* _Exercise goal_
The reply must contain exactly the lines below from the one with "two chairs sitting" down to the one with "Relaxed young man reading a book on a sofa", both included, and nothing more; please omit the pictures.

* _Material shown_
===
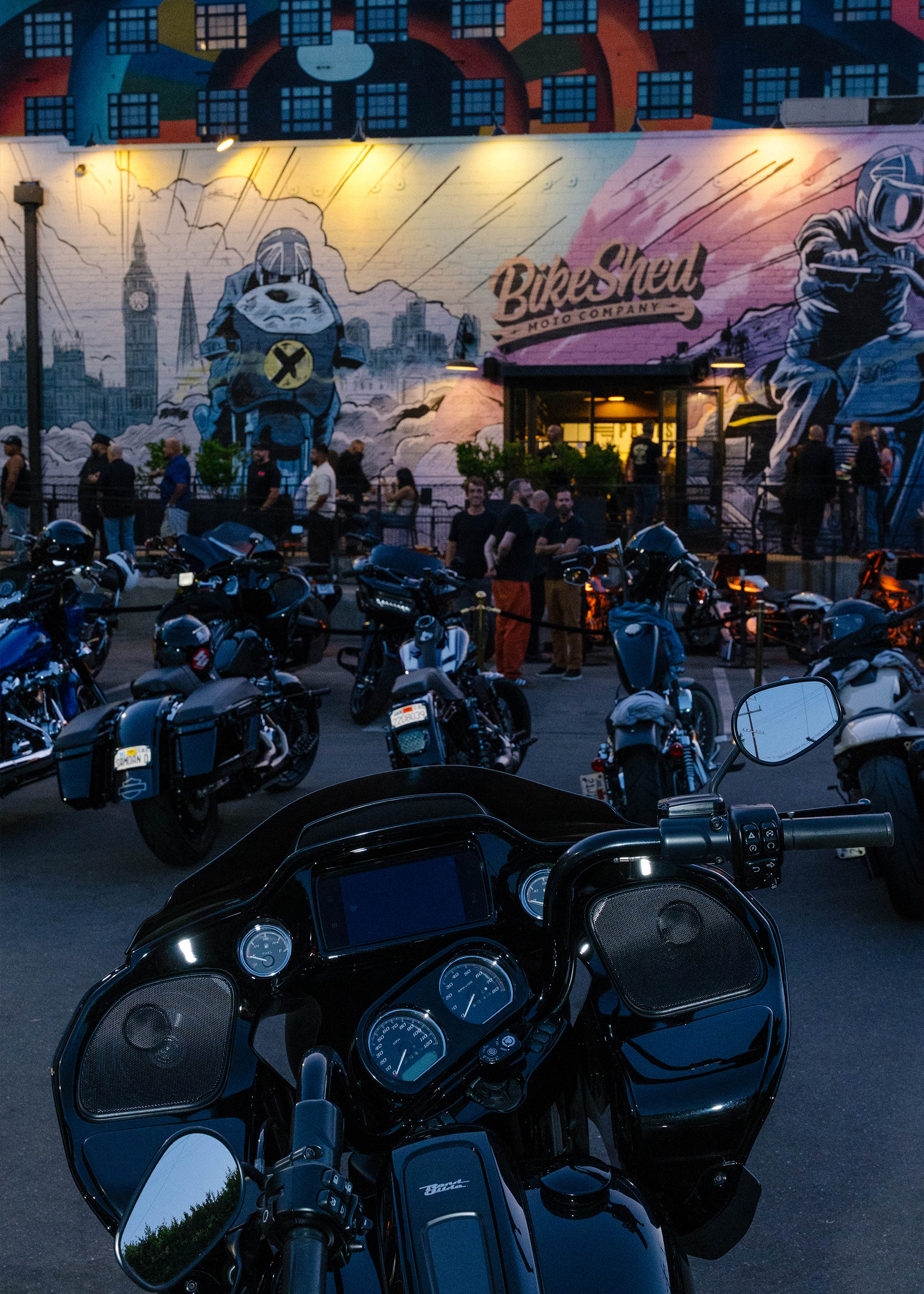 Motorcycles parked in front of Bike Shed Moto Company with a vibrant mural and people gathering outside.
===
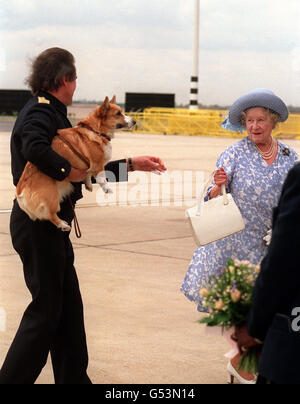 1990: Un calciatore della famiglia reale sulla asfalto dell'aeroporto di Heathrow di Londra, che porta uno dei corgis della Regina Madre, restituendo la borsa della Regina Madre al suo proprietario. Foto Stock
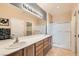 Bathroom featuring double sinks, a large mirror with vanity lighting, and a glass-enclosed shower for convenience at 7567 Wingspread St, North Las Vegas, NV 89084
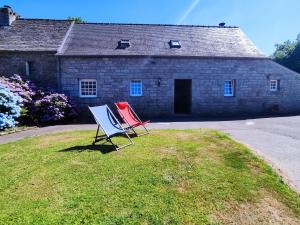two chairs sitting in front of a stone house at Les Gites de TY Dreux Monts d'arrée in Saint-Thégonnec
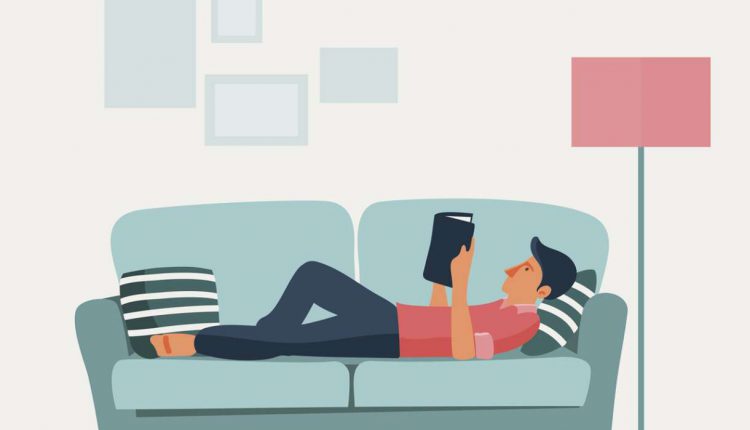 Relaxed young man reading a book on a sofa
===
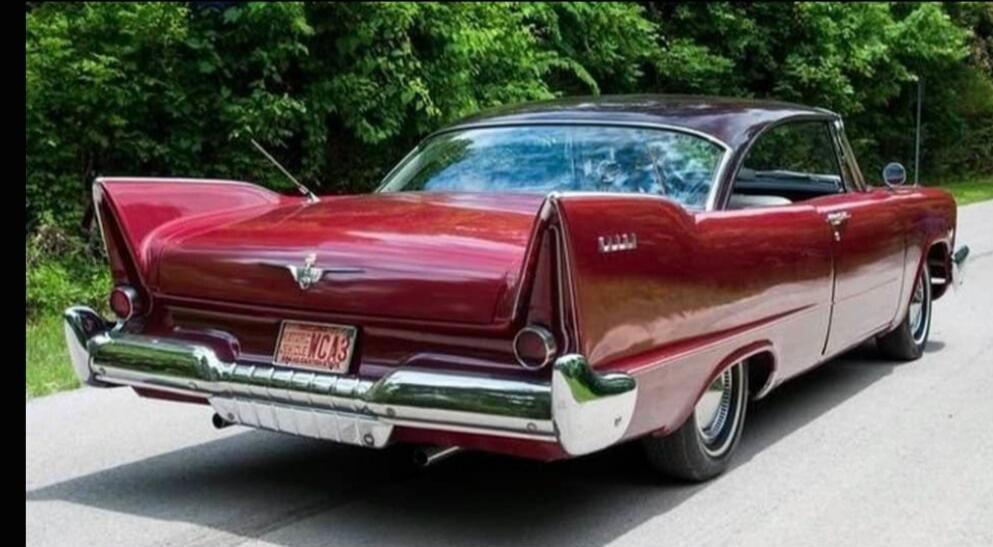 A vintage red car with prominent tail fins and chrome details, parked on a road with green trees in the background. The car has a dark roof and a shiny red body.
===
* _Solved exercise_
two chairs sitting in front of a stone house at Les Gites de TY Dreux Monts d'arrée in Saint-Thégonnec
 Relaxed young man reading a book on a sofa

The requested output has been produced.